# TASK GOAL
Scan the entries for the word "dark", and copy every line where it appears.

# ENTRIES SUPPLIED

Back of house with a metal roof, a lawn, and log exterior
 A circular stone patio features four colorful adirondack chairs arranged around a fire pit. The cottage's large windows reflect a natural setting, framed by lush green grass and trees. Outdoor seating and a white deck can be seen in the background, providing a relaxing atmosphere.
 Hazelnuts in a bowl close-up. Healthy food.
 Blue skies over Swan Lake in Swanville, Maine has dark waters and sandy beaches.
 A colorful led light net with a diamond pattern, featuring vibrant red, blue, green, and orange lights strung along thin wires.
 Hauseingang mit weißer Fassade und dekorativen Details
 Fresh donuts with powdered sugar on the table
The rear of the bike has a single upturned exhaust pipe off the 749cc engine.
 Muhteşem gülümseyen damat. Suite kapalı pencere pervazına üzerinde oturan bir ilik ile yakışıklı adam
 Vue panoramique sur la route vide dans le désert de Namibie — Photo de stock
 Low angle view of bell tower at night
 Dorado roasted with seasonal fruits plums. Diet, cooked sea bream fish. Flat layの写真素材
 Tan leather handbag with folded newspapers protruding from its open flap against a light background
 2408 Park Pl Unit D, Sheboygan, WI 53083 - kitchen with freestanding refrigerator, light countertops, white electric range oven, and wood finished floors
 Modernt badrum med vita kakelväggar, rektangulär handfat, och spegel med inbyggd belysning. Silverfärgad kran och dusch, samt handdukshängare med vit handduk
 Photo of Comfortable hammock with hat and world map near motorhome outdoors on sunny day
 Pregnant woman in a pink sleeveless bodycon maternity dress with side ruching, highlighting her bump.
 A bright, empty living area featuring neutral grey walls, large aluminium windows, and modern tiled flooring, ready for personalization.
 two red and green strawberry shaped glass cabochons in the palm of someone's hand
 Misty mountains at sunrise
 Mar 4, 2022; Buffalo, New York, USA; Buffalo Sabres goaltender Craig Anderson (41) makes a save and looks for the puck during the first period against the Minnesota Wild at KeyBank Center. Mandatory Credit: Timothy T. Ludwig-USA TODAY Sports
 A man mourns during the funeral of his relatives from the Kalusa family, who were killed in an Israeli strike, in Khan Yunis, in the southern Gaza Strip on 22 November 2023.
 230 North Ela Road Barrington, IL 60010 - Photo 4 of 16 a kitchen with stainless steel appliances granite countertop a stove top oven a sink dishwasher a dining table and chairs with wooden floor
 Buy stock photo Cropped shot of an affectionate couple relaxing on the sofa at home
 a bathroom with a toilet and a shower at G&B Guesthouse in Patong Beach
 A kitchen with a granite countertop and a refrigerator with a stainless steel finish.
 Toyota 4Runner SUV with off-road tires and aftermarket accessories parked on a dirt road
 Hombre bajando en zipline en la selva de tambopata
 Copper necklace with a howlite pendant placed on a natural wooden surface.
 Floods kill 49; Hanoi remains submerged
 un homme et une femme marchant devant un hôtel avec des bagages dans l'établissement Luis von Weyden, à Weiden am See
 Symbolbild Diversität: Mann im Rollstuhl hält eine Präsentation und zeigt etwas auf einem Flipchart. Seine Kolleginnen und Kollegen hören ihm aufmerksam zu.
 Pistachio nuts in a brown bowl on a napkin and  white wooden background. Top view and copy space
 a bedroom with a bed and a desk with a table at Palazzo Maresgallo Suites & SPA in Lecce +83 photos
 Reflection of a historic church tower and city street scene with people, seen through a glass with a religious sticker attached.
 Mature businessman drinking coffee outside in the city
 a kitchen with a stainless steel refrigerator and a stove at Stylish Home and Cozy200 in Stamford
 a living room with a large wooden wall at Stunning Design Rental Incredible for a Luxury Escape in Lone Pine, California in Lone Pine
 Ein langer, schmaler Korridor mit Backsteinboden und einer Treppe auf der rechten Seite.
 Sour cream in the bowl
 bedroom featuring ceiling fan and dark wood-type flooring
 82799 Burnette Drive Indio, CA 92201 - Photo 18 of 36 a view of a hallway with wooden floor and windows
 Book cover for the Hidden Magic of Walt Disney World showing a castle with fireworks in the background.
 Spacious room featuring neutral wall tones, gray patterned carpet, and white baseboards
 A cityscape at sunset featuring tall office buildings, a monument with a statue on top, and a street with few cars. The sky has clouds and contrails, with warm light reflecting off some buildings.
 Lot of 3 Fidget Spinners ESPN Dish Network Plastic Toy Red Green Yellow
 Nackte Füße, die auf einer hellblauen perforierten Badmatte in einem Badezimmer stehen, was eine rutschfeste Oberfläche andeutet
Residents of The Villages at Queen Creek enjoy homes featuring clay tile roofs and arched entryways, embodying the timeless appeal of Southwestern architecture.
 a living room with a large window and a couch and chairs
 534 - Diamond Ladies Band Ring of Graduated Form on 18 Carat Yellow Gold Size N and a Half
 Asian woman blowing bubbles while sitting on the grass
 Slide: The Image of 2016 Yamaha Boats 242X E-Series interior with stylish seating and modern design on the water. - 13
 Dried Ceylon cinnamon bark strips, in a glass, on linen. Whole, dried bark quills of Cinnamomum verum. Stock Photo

# SOLVED EXERCISE
 Blue skies over Swan Lake in Swanville, Maine has dark waters and sandy beaches.
 bedroom featuring ceiling fan and dark wood-type flooring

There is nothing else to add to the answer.